Tilia Klebenov Jacobs, Wrong Place, Wrong Time;   Linden Tree Press, (c) 2013, ISBN 978-0615805597, 400 pages, cover price unlisted.

By Donald H. Harrison

wrong place wrong timeSAN DIEGO- – While reading and enjoying this novel about an almost-ethical kidnapper, I kept wondering why the author had decided that the female victim in this story should be a well-educated Jewish housewife?  Perhaps 95 percent of the story has nothing to do with religion or ethnicity.  For the most part, the book is a psychological drama, examining the relationship between a kidnap victim and her abductor.

Did author Tilia Klebenov Jacobs simply want to make the novel eligible for inclusion in the many Jewish book fairs that are held across the country?  Did she feel compelled to provide an outlet for the flashes of inside ethnic humor that occasionally leavened this story of abduction, flight, trial, and reckoning?  Or was there a deeper reason?

At one point in the story, the victim, Tsara Abrams Adelman, had been compelled to make an exhausting climb through inhospitable terrain.  After they arrived at kidnapper Michael Westbrook’s hiding place, he decided it was at last time to eat.  Being an expert Marine Corps marksman, he promptly shot a wild turkey, heated up a can of beans, and offered to share some of the meal with the famished Tsara.

However, the beans had bacon in them.   Under the circumstances,  Tsara wondered, could she override the law of kashrut’s ban on pork products?  She decided that it was an absolute imperative to stay healthy and so she ate the beans as well as the turkey which, having been shot and its head sliced off by a man who wouldn’t know the meaning of the word shochet, certainly wasn’t kosher either.  Necessity being necessity, Tsara gobbled the meal up.

Michael hadn’t intended to kidnap Tsara, who had just arrived on a visit to the New Hampshire chateau of her rich uncle Castle Thornlocke.  He thought he could kidnap Thornlocke’s 14-year-old daughter, Zaylie, and then exchange her for his six-year-old son, whom Thornlocke earlier in the day had abducted with the help of Libertyville, N.H.,’s corrupt two-man police force.  Thornlocke and the two officers, who had grown up as the town bullies,  had made a business of abducting children and then extorting money from their parents before releasing them.

Upon breaking into the room where Tsara, rather than Zaylie, was staying, it was too late for Michael to change course.  As the book’s title suggests, Tsara had been at the wrong place, at the wrong time.

In 95 short chapters–some just a page or two in length–and with lots of action, the novel has the aura of a screenplay in waiting.
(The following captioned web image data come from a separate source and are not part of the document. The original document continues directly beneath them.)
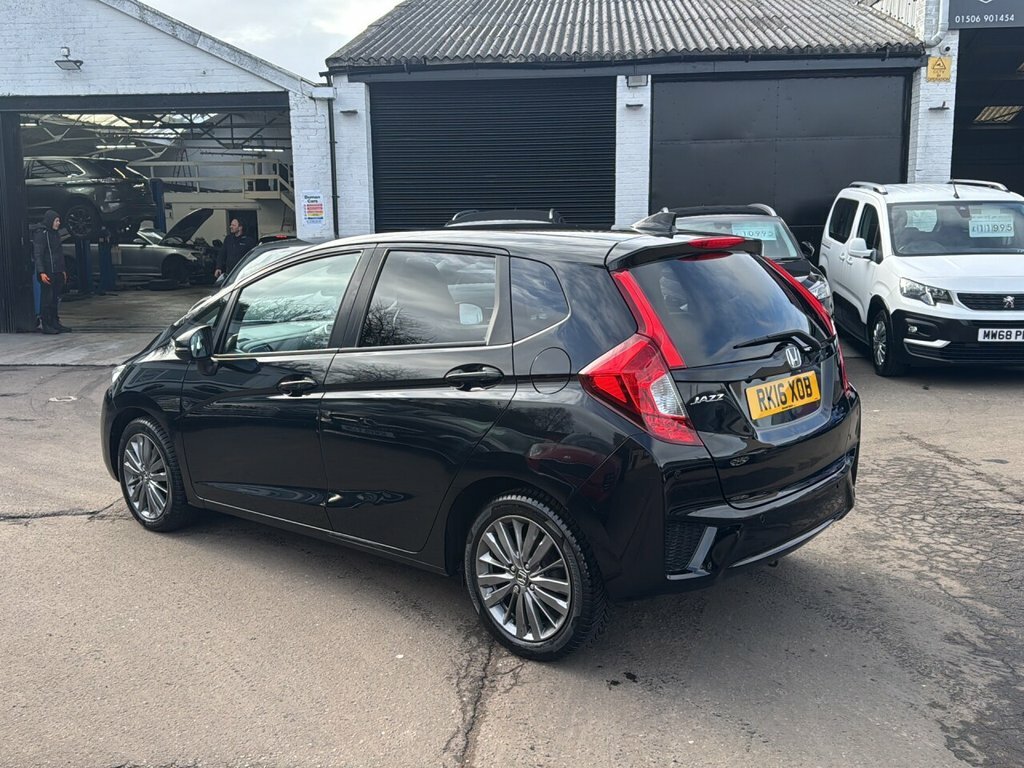 Honda Jazz 1.3L Ex RK16XOB Black #4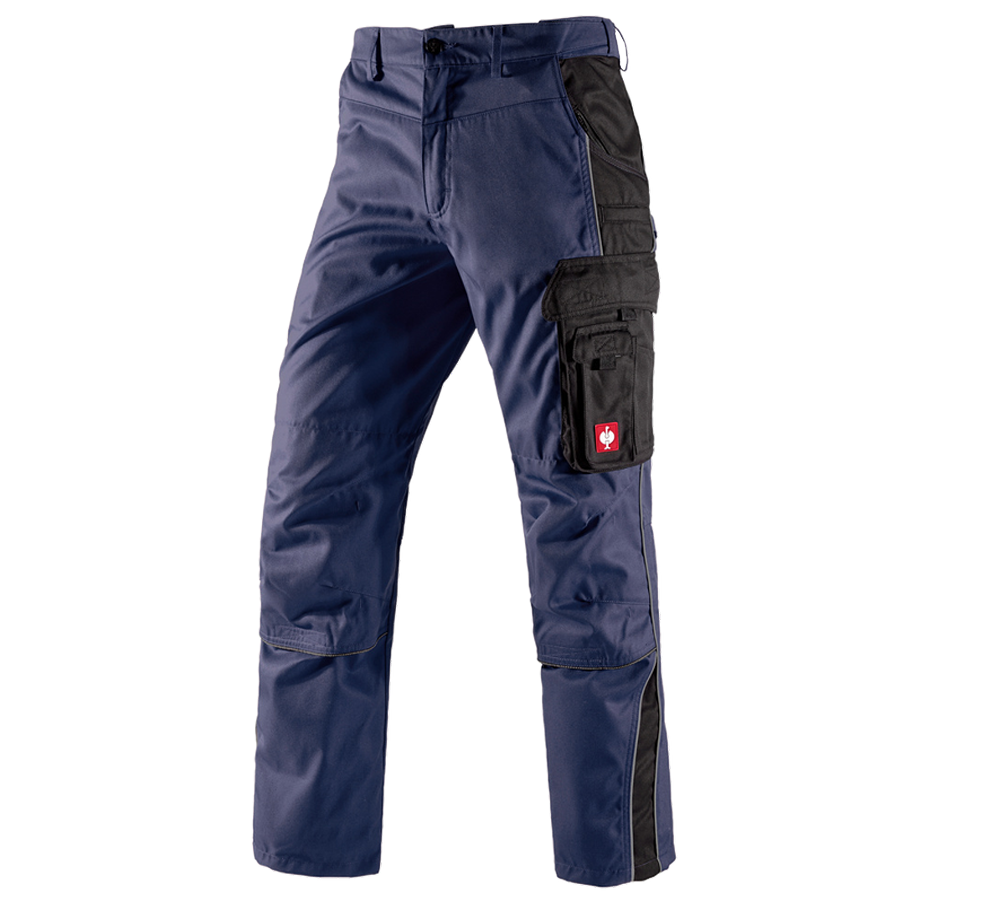 Hosen: Bundhose e.s.active + dunkelblau/schwarz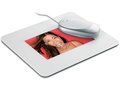 Mouse pad with picture insert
Although it starts off a big shaky–requiring readers to believe no one would have called higher authorities to report the crimes of the two policemen and Thornlocke–the plot becomes increasingly more believable and absorbing.

If you like adventure, suspense, and action, this novel is for you.

For Jewish readers, the surprise comes when Tsara ponders from the standpoint of Jewish law and ethics the limits of forgiveness.   Can Tsara forgive Michael–whatever his motive might have been–for all the pain and fear he caused her and her family?   Will she honestly be able to say before the next Yom Kippur that she has forgiven this man?

I have a feeling that readers of all religions–not just Jews–will debate Tsara’s answer.